Dalam laporan tersebut, Indonesia memiliki skor Indeks Risiko Global (WRI) sebesar 41,46 pada 2021. Skor tersebut menempatkan Indonesia di posisi ketiga tertinggi secara global.
Posisi Indonesia berada di bawah Filipina dan India dengan skor sebesar 46,82 poin dan 42,31 poin. Skor WRI Indonesia terbagi atas lima lingkup. Lingkup pertama berupa paparan (exposure) bencana mendapatkan skor sebesar 39,89 poin atau masuk kategori sangat tinggi.
Sementara itu, dari lingkup kerentanan (vulnerability), Indonesia mendapatkan skor sebesar 43,10 poin atau masuk kategori tinggi. Lingkup ini memperhitungkan jumlah pengungsi, pencari suaka, serta orang-orang yang terkena dampak bencana alam atau konflik dalam lima tahun terakhir.

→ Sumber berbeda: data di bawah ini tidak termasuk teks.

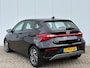 Hyundai i20 1.0 T-GDI 48V MHEV 100pk DCT Comfort Smart | LENTEDEALS | Automaat | Camera | Navigatie | Lichtmetalen Velgen | Carplay |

Berdasarkan lingkup kerawanan (susceptibility), Indonesia memiliki skor sebesar 33,48 poin atau masuk kategori tinggi. Kemudian, lingkup kurangnya kapasitas penanganan bencana di Indonesia memiliki skor sebesar 50,67 atau masuk kategori sangat tinggi.
Lingkup terakhir yang diperhitungkan terkait kurangnya kapasitas adaptasi terhadap bencana. Di lingkup ini, Indonesia mendapatkan skor sebesar 47,19 poin atau masuk kategori sedang. Adapun, Kolombia berada di bawah Indonesia dengan skor WRI sebesar 38,37 poin pada 2021.